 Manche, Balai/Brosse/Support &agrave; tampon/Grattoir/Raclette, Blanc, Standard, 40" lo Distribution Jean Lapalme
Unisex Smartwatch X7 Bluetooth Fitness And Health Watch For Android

* * *

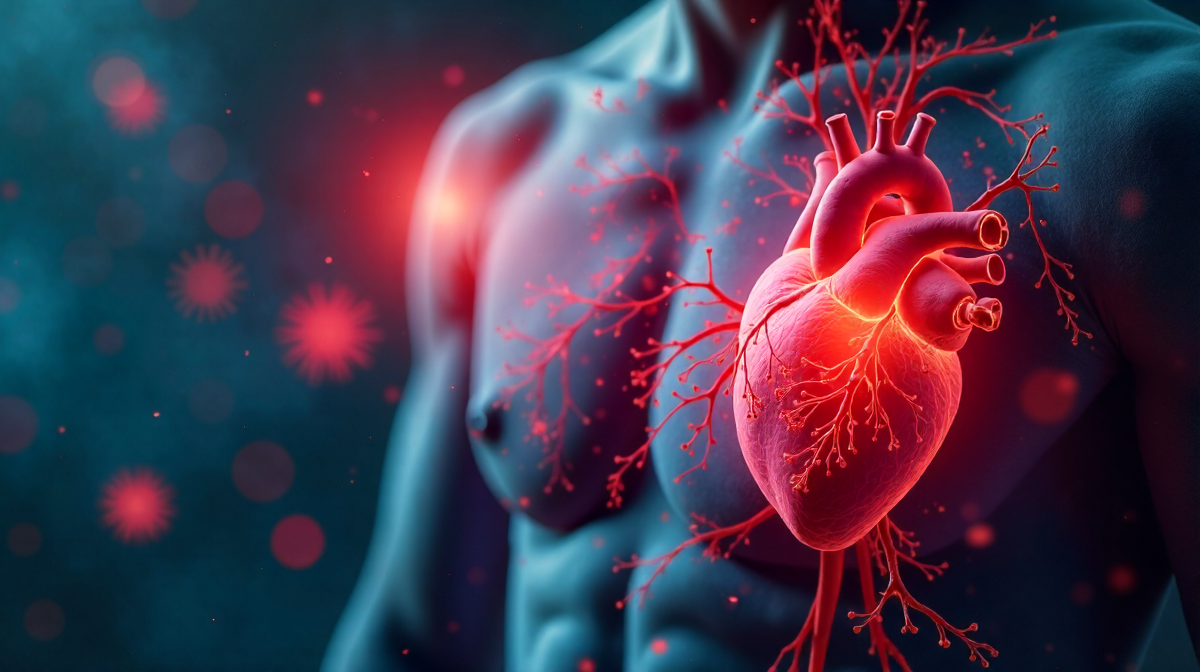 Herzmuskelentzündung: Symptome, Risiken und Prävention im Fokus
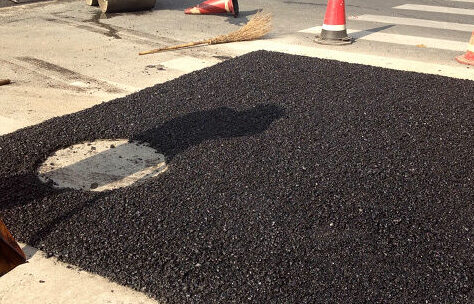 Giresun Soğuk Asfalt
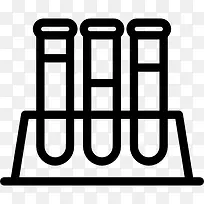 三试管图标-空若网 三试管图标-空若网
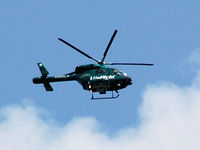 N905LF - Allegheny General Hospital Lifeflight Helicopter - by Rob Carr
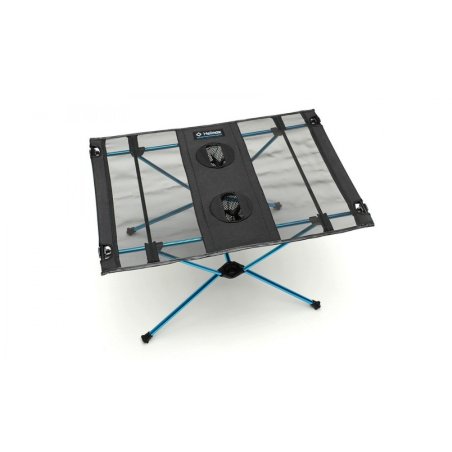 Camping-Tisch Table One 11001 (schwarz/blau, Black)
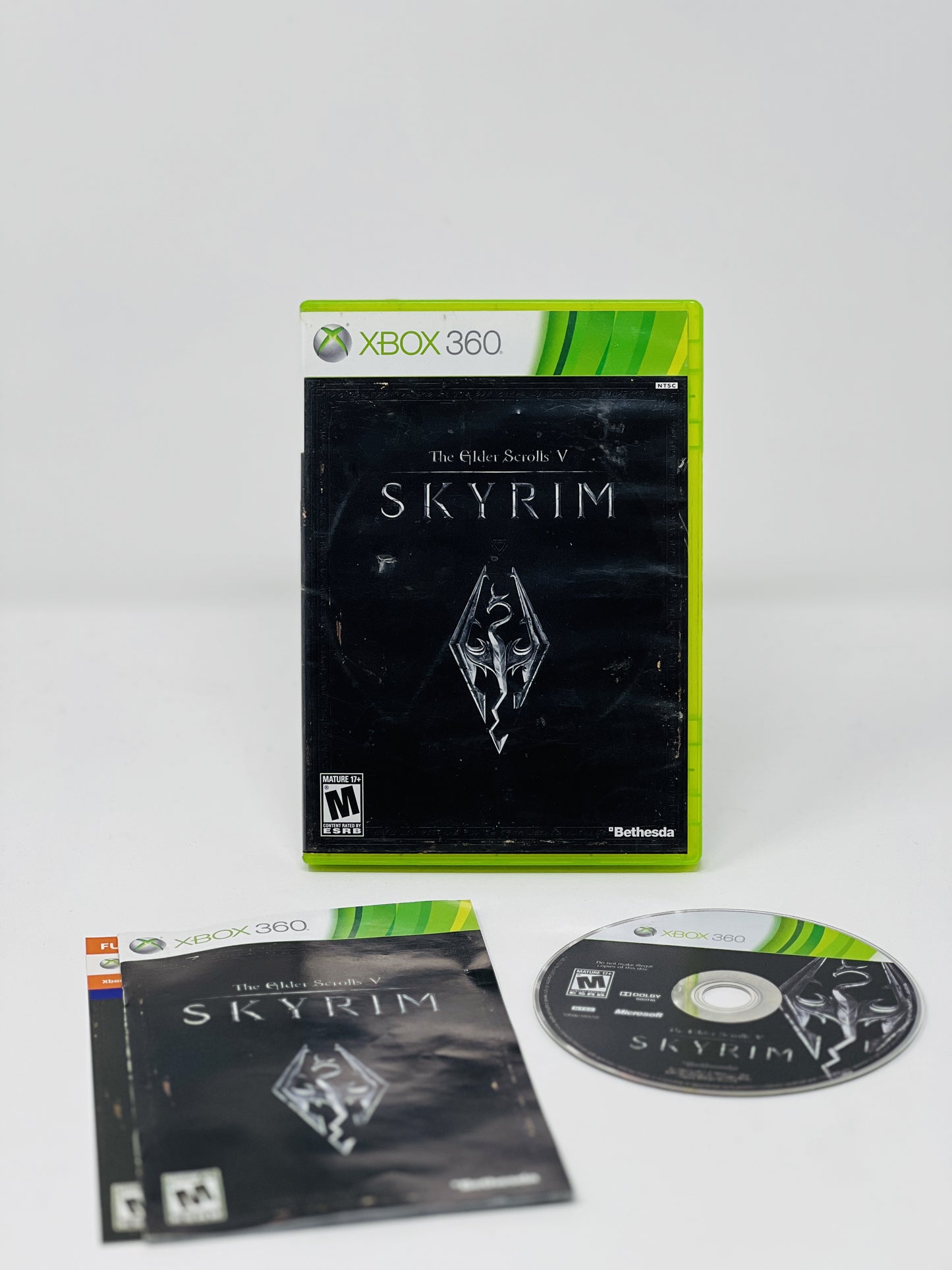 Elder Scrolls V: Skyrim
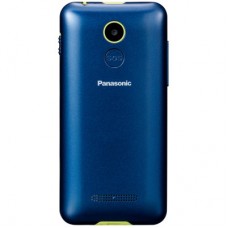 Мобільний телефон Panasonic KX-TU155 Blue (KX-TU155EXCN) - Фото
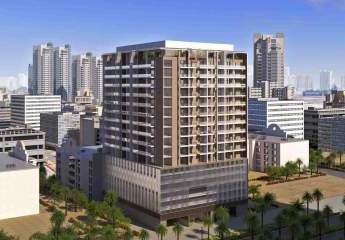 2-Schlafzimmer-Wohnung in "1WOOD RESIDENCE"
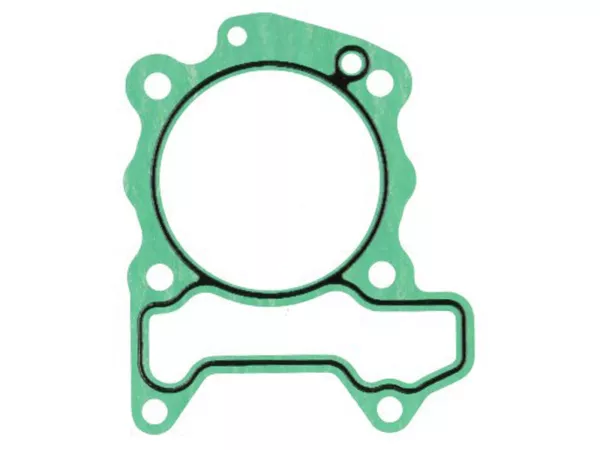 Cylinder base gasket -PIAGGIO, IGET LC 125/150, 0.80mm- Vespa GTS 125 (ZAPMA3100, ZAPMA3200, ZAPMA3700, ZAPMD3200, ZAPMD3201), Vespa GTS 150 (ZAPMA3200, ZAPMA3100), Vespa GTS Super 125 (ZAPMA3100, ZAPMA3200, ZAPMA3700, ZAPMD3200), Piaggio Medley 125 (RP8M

§ AIM OF THE TASK
Your task is to restate, word for word, only those lines above that fall between the line holding "Manche, Balai/Brosse/Support &agrave;" and the line holding "Unisex Smartwatch X7", inclusive.

§ TASK RESULT
 Manche, Balai/Brosse/Support &agrave; tampon/Grattoir/Raclette, Blanc, Standard, 40" lo Distribution Jean Lapalme
Unisex Smartwatch X7 Bluetooth Fitness And Health Watch For Android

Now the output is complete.